I ran it with --noprobe, and selected CS4232 driver with io=0x530 irq=5
dma=1 dma2=0 mpuio=0x300 mpuirq=5. I had sound.
2) Modem: mwave 1.0.4, from IBM, works on Red Hat 9. Red Hat's already
provided the device driver module, so you need no kernel sources to
install the rest of the mwave driver.
3) APM: I'd already had a hibernation file/partition created for my
previous install, so I didn't have to do anything new. No kernel
recompilation is necessary for suspend/hibernate to function properly,
though you will want to add "mwaved" to the list of services restarted on
resume (/etc/sysconfig/apmd), as suspend/hibernate kills the modem. I
usually restart sound on resume as well, since the sound chip seems to
sometimes get confused on a suspend.
4) X: Happily, the xv support works properly. The only configuration
issue was that I had to manually select "LCD Display 1024x768" during the
install. I've been able to use xmame and xine without problem - so if
you're looking to play some DVDs or VCDs, this release works a lot better
than Red Hat 8.0 - at least for the one movie I've gotten to watch so far.
:)
5) USB/PCMCIA: My external USB mouse and Netgear ethernet card were
recognized with no problem. No special configuration necessary.

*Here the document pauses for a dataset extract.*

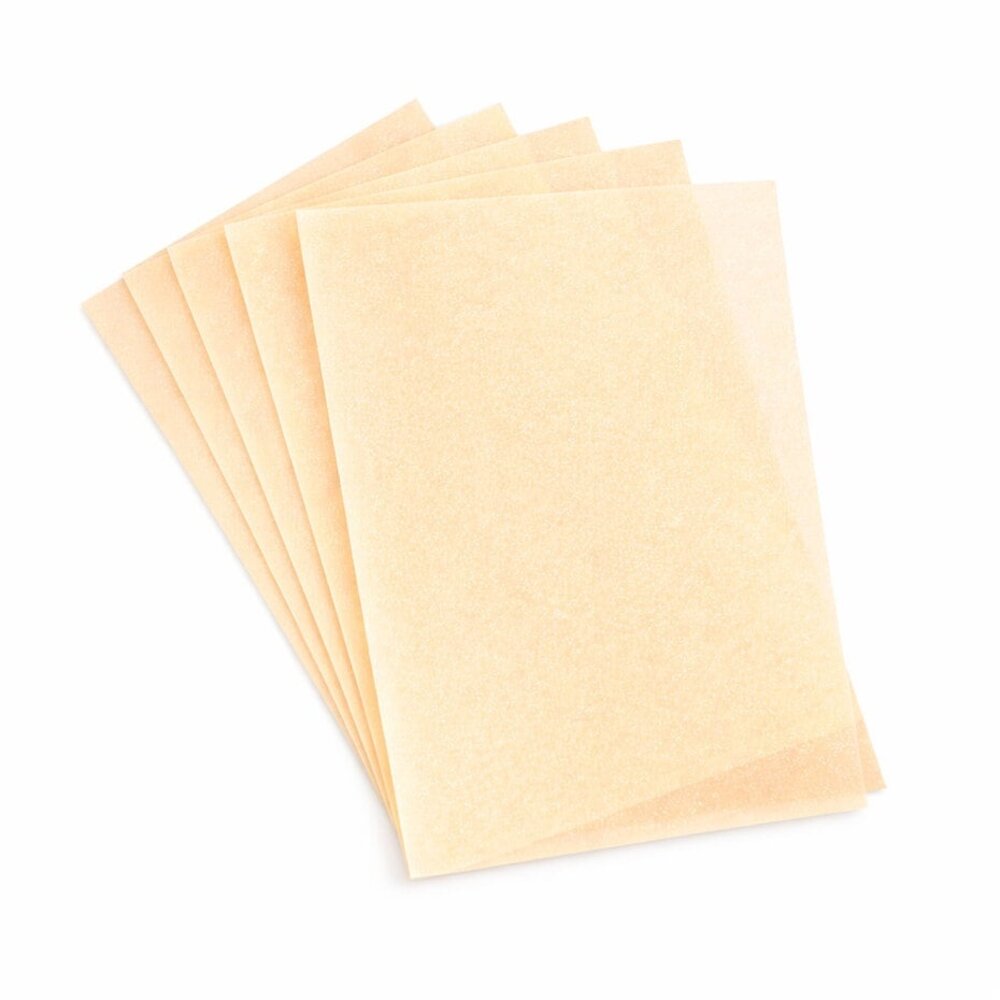 Paper Favourites Heavy Vellum A4 Pastel Gold 220g (PFSS903)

6) Printer: CUPS is finally painless to set up with Red Hat. Printing to
a windows shared printer works with no fuss. Whew.
General comments:
- RPM seems a little more fragile in this release. I've had to rebuild
the database once already. After that, it seems to work properly.
- Gnome has a few more nice touches this time around. Unfortunately,
editing the menus does not seem to be one of them. (IS there an easy way
to edit the Gnome menus in Red Hat 9? Editing menus in Nautilus doesn't
seem to work.)
- Still no MP3 support. I'm not really complaining much, as it's easy to
add. Plus, I understand why they did it.
- Get apt for RPM from freshrpms.net. This is the best way to get media
players (mp3, DVD, VCD, etc.) on your new installation.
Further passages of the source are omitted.